START RECORDS PROVIDED

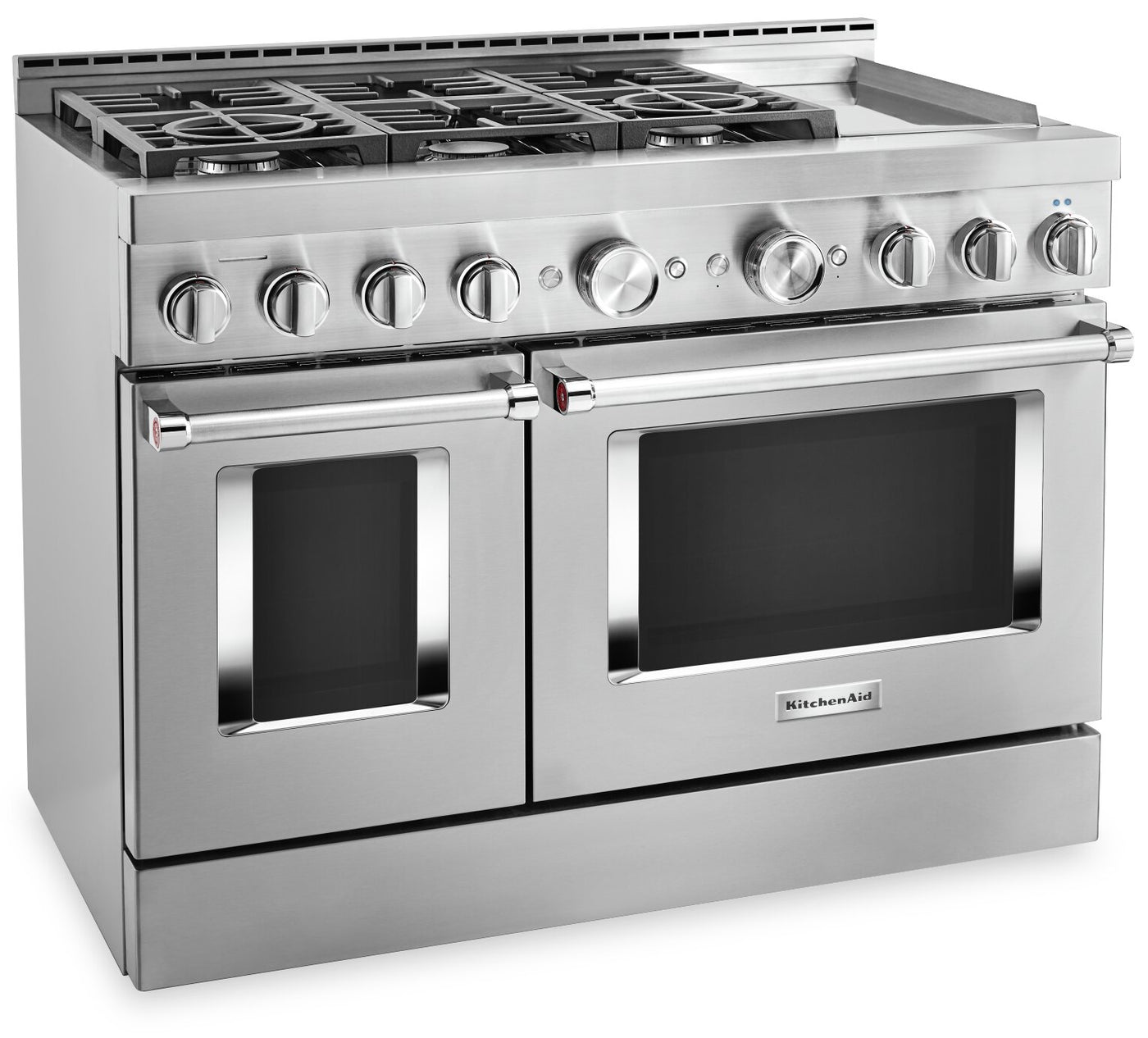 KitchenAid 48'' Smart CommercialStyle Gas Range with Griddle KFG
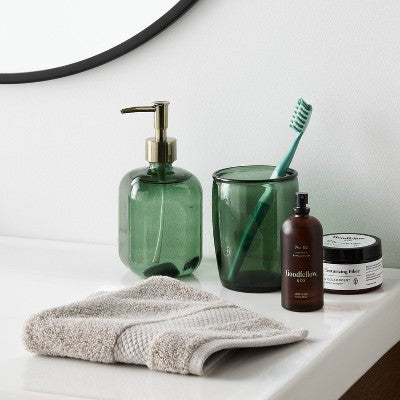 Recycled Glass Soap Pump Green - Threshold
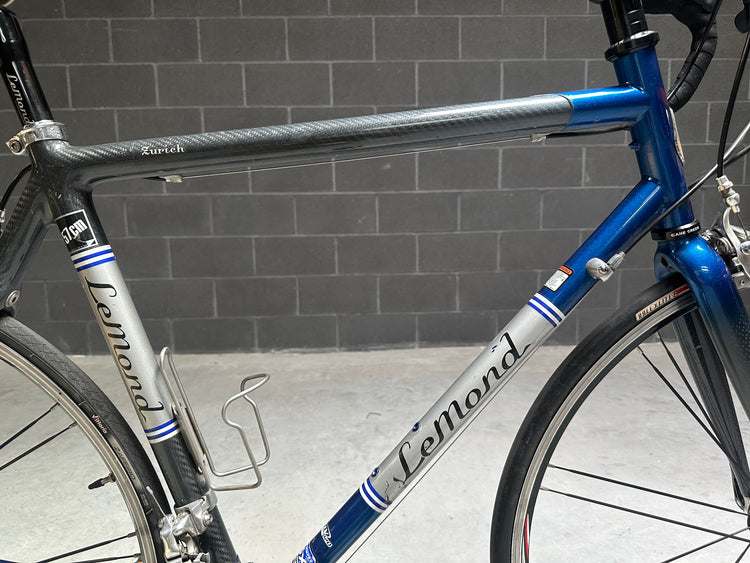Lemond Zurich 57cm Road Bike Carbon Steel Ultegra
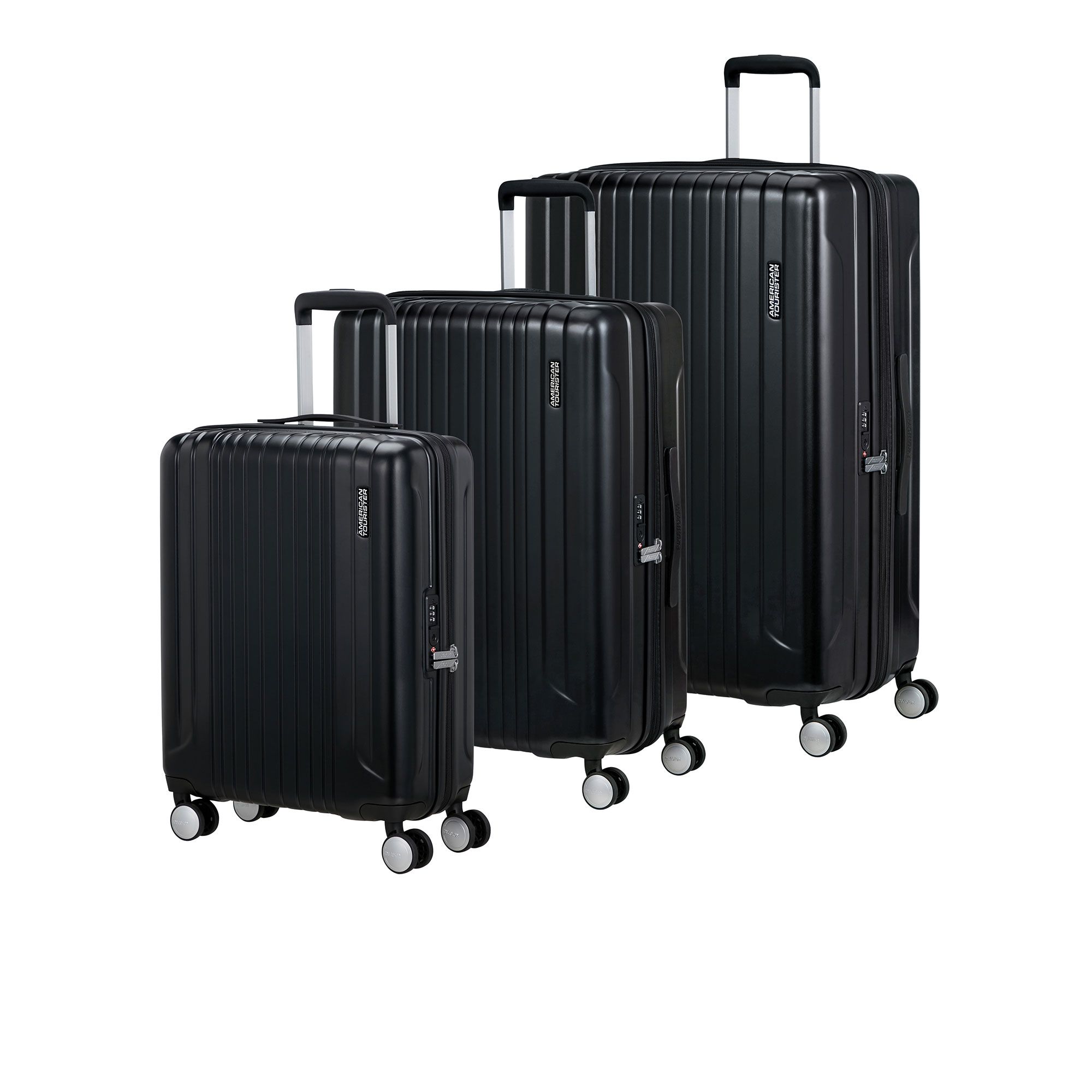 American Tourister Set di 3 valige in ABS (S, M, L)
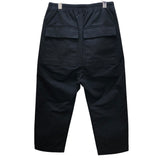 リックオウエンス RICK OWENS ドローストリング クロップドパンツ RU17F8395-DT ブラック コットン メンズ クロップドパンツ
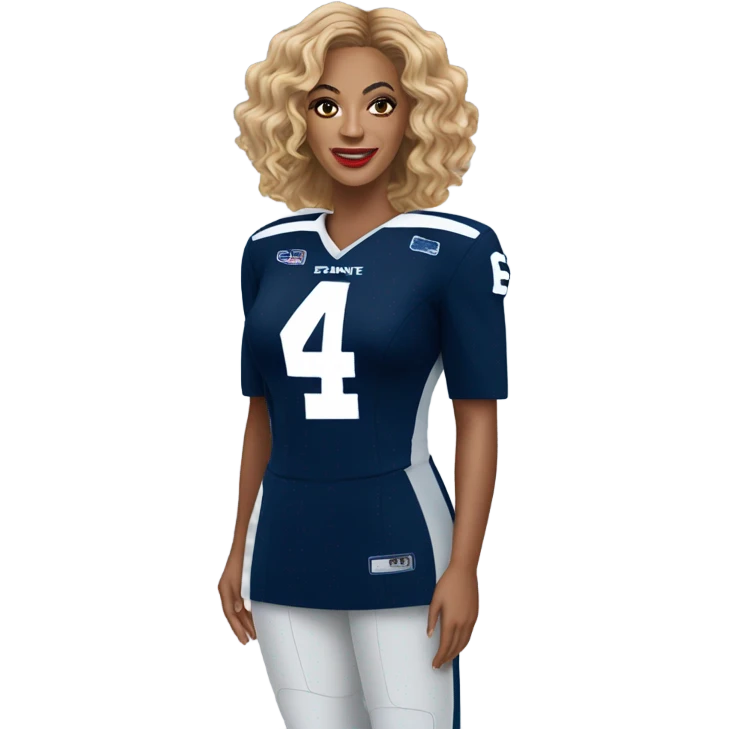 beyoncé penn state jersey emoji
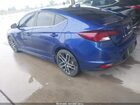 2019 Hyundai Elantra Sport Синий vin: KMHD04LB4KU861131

END RECORDS PROVIDED
START RECORDS PROVIDED

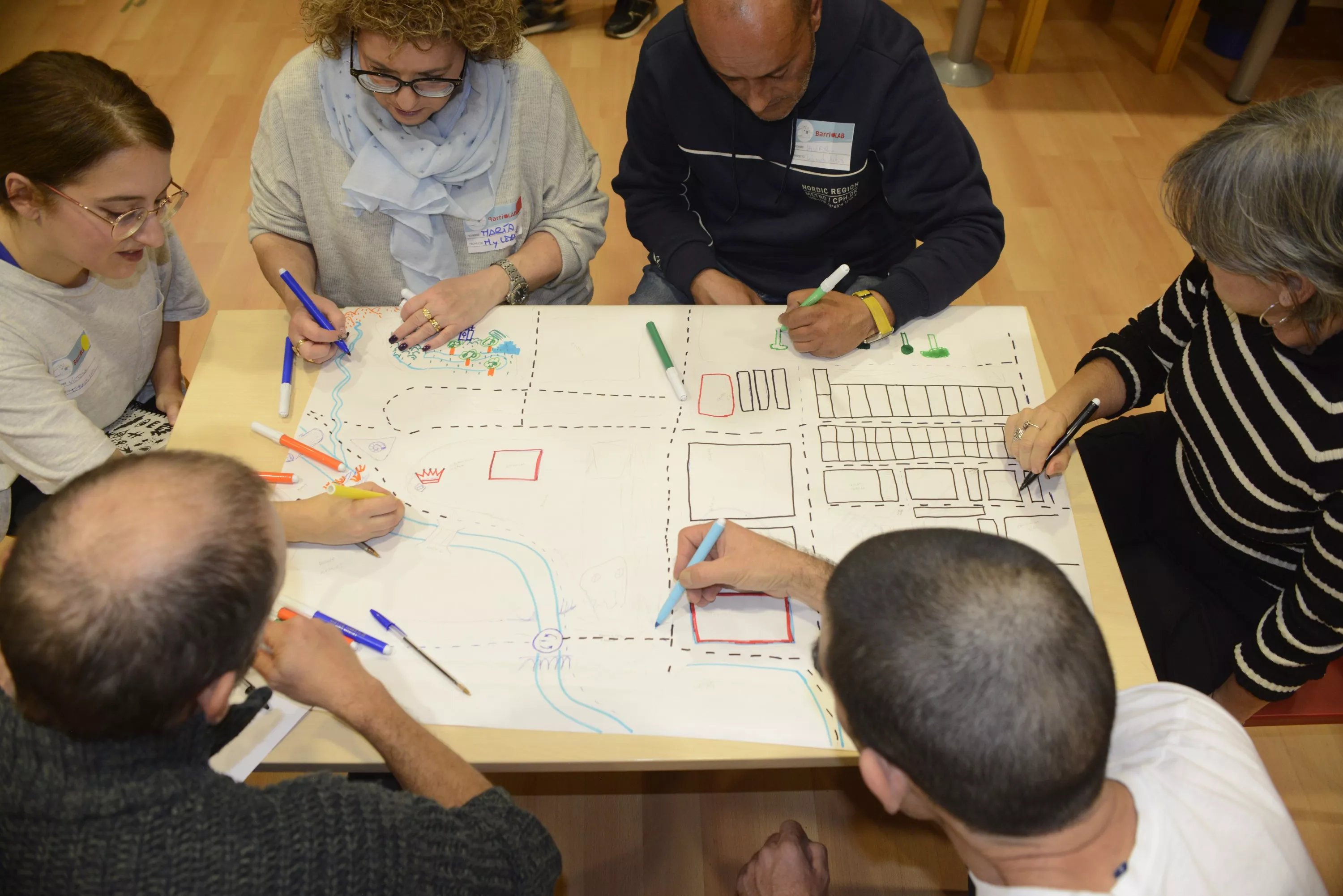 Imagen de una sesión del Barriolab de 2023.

END RECORDS PROVIDED
START RECORDS PROVIDED

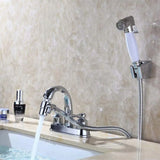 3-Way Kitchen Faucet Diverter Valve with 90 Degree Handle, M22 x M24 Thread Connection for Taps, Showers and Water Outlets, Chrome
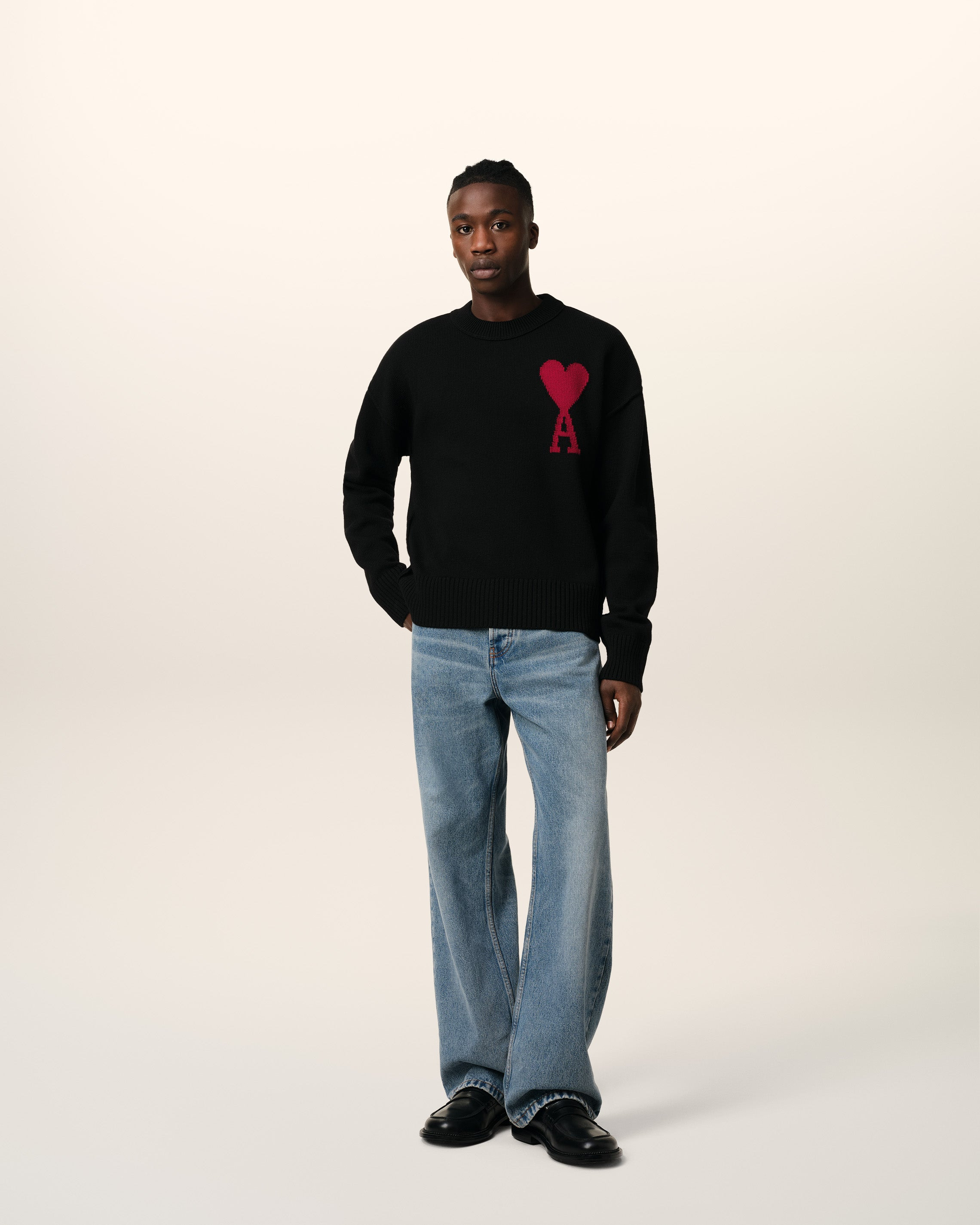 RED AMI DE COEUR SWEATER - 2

END RECORDS PROVIDED

- _ASSIGNMENT_: In the listing above, find the line with "Recycled Glass Soap Pump Green - Threshold" and output every line through the one with "2019 Hyundai Elantra", exactly, without the pictures.

- _YOUR RESPONSE_:
 Recycled Glass Soap Pump Green - Threshold
Lemond Zurich 57cm Road Bike Carbon Steel Ultegra
 American Tourister Set di 3 valige in ABS (S, M, L)
 リックオウエンス RICK OWENS ドローストリング クロップドパンツ RU17F8395-DT ブラック コットン メンズ クロップドパンツ
 beyoncé penn state jersey emoji
 2019 Hyundai Elantra Sport Синий vin: KMHD04LB4KU861131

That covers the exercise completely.